Kegiatan sosialisasi diikuti oleh masyarakat umum
Lebih lanjut, Retnaningtyas menegaskan bahwa tradisi Mitoni tidak hanya sekadar ritual budaya, tetapi memiliki keterkaitan yang erat dengan edukasi kesehatan.
“Kalau edukasi hanya lewat selebaran atau media sosial, kadang kurang menarik. Karena itu, kami mencoba menggunakan adat tradisi yang korelasinya sangat erat dengan Mitoni. Budaya ini mengajarkan bagaimana ibu hamil harus dijaga kesehatannya, mendapat dukungan keluarga, dan memastikan bayi lahir sehat,” jelasnya.
Retnaningtyas juga membeberkan bahwa saat ini terdapat 495 Tim Pendamping Keluarga (TPK) di Kota Yogyakarta yang aktif mendampingi calon pengantin, ibu hamil, hingga anak balita. Dengan dukungan lintas sektor, ia optimis angka stunting turun di bawah 5 persen.
“Target ini memang ambisius, tetapi kami yakin bisa tercapai. Kami berkolaborasi dengan TP PKK, Dinas Kesehatan, Dinas Pendidikan, Dinas Sosial, dan seluruh stakeholder. Selain kegiatan edukasi seperti Mitoni, intervensi gizi juga kami lakukan, termasuk pemberian makanan tambahan bagi ibu hamil KEK dan balita berisiko stunting,” tambahnya.
Senada dengan hal tersebut, dr.

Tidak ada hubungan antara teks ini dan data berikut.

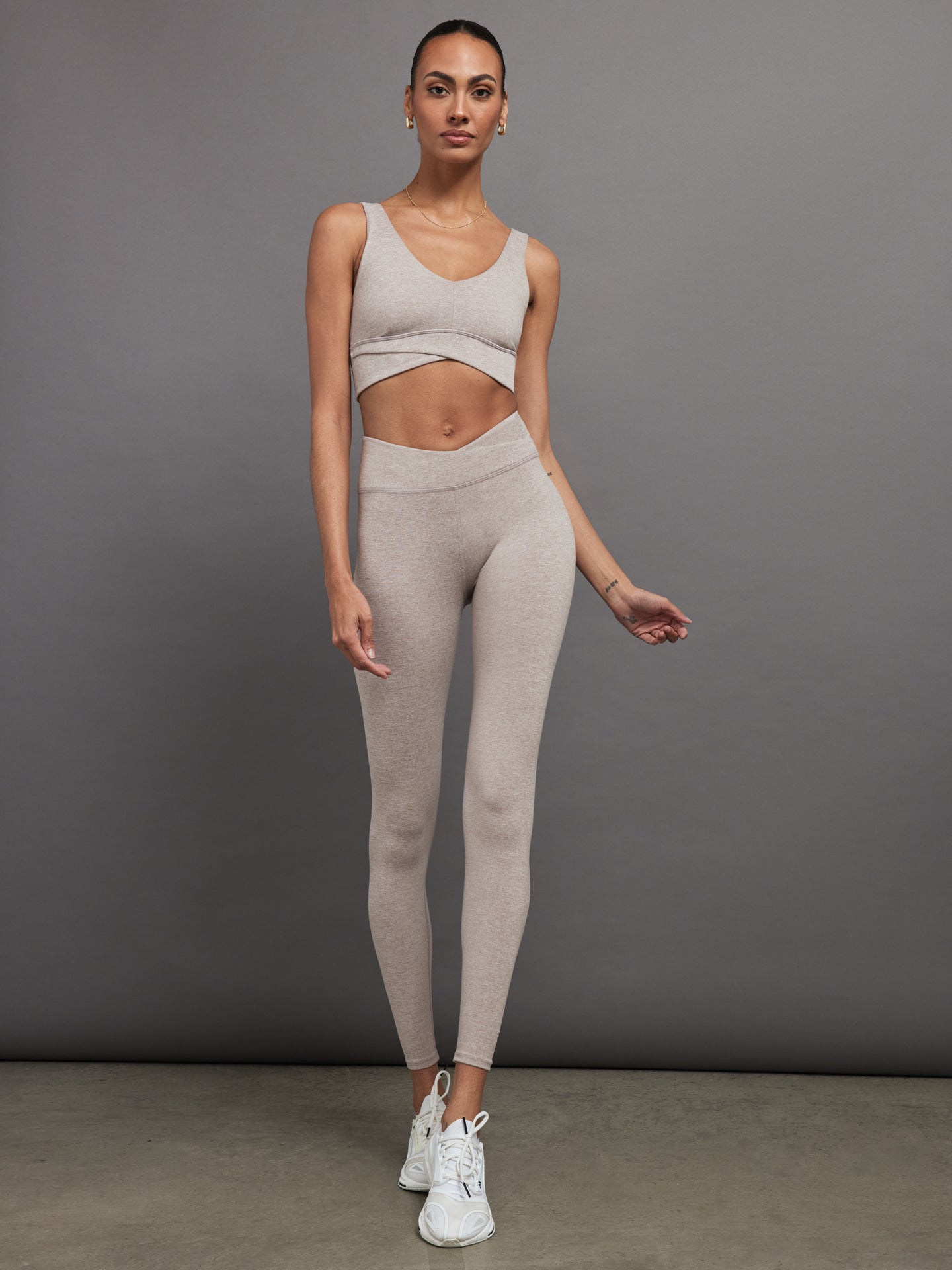 Carbon38 | Wrap Legging in Heather Melt - Heather Oatmeal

Fauzan Achmad Maliki menyebut bahwa seluruh prosesi dalam tradisi Mitoni memiliki makna mendalam yang berkaitan dengan kesehatan dan keselamatan ibu serta bayi. Selain itu juga tersimpan pesan edukatif tentang pentingnya menjaga kesehatan ibu hamil, baik secara fisik maupun gizi.

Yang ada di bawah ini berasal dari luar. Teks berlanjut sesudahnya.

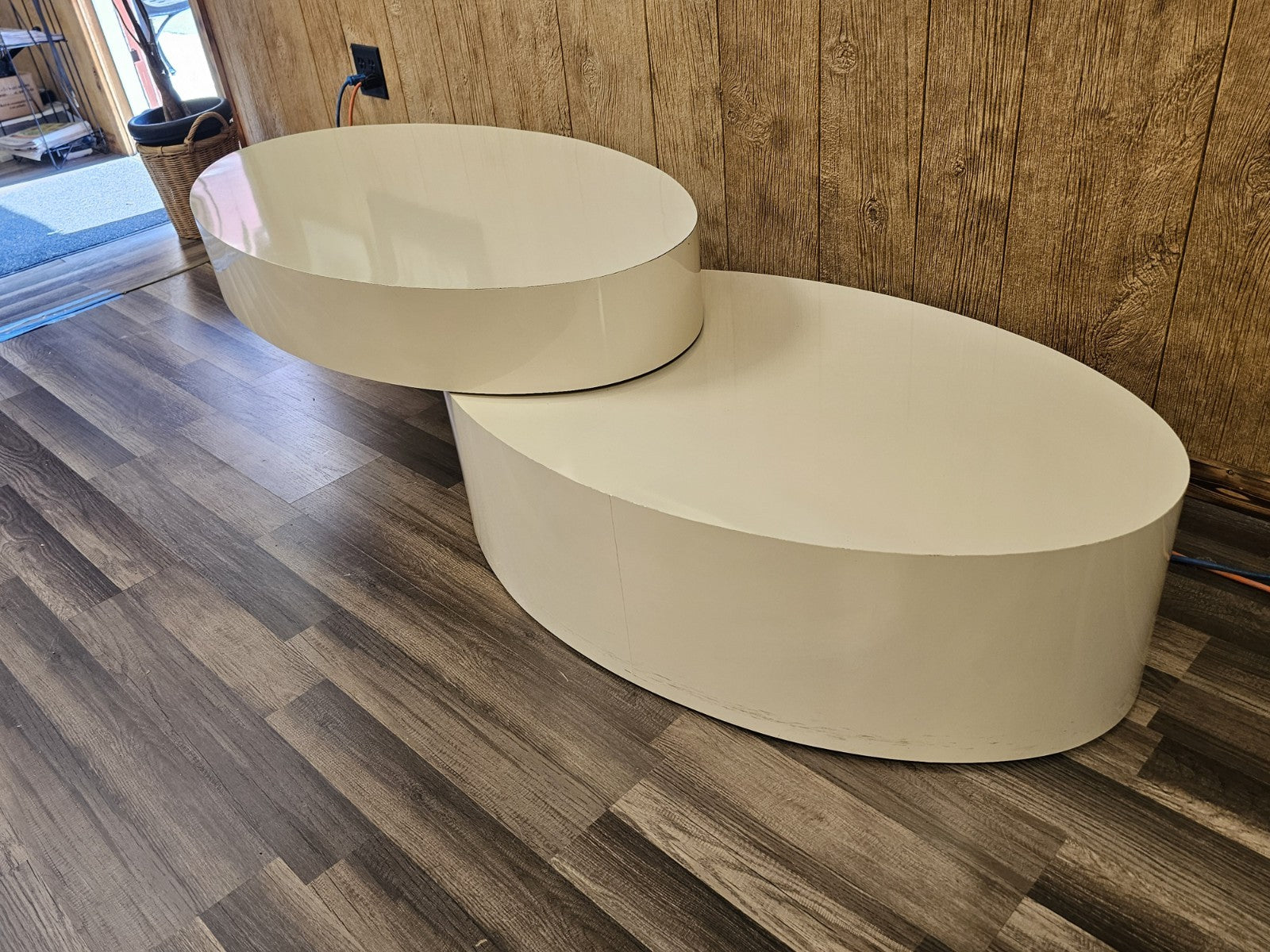 MCM Post Modern Modular Swivel Rotating Oval Adjustable Cream Coffee Table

“Dari sisi gizi, ibu hamil harus mengonsumsi makanan bergizi seimbang karbohidrat, protein, sayur, dan buah. Jangan hanya nasi dan lauk saja. Kemudian, wajib mengkonsumsi tablet tambah darah karena anemia merupakan salah satu penyebab risiko stunting. Gizi seimbang itu esensial,” terang dr. Fauzan.
Ia mencontohkan, dalam tradisi Mitoni terdapat sajian seperti dawet, rujak, dan tumpeng yang sebenarnya menggambarkan konsep edukasi gizi seimbang.

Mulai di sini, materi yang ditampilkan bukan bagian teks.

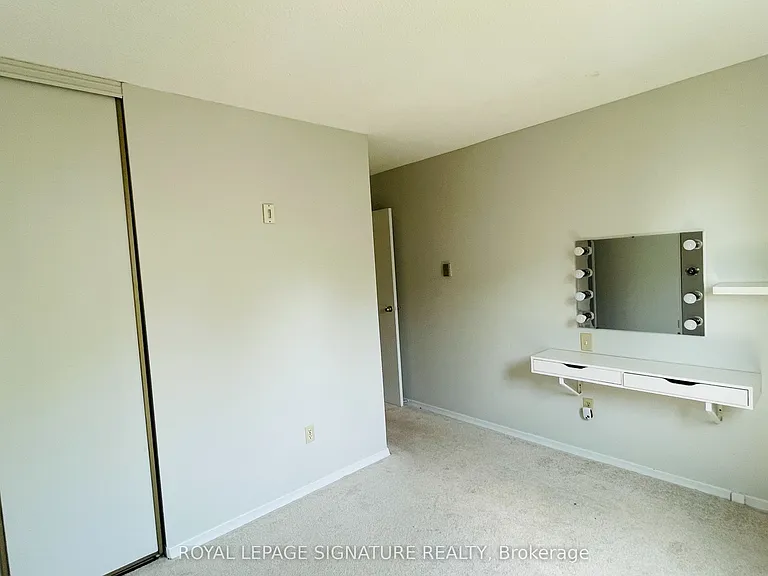 1100 Oxford St #75 — Photo 26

“Tumpeng itu terdiri dari sayuran dan sumber protein. Rujak yang isinya buah-buahan. Jadi sebenarnya, di balik ritual Mitoni ada nilai-nilai edukasi gizi yang luar biasa. Budaya ternyata bisa berkolaborasi erat dengan dunia kesehatan untuk menyiapkan generasi yang sehat,” ujarnya.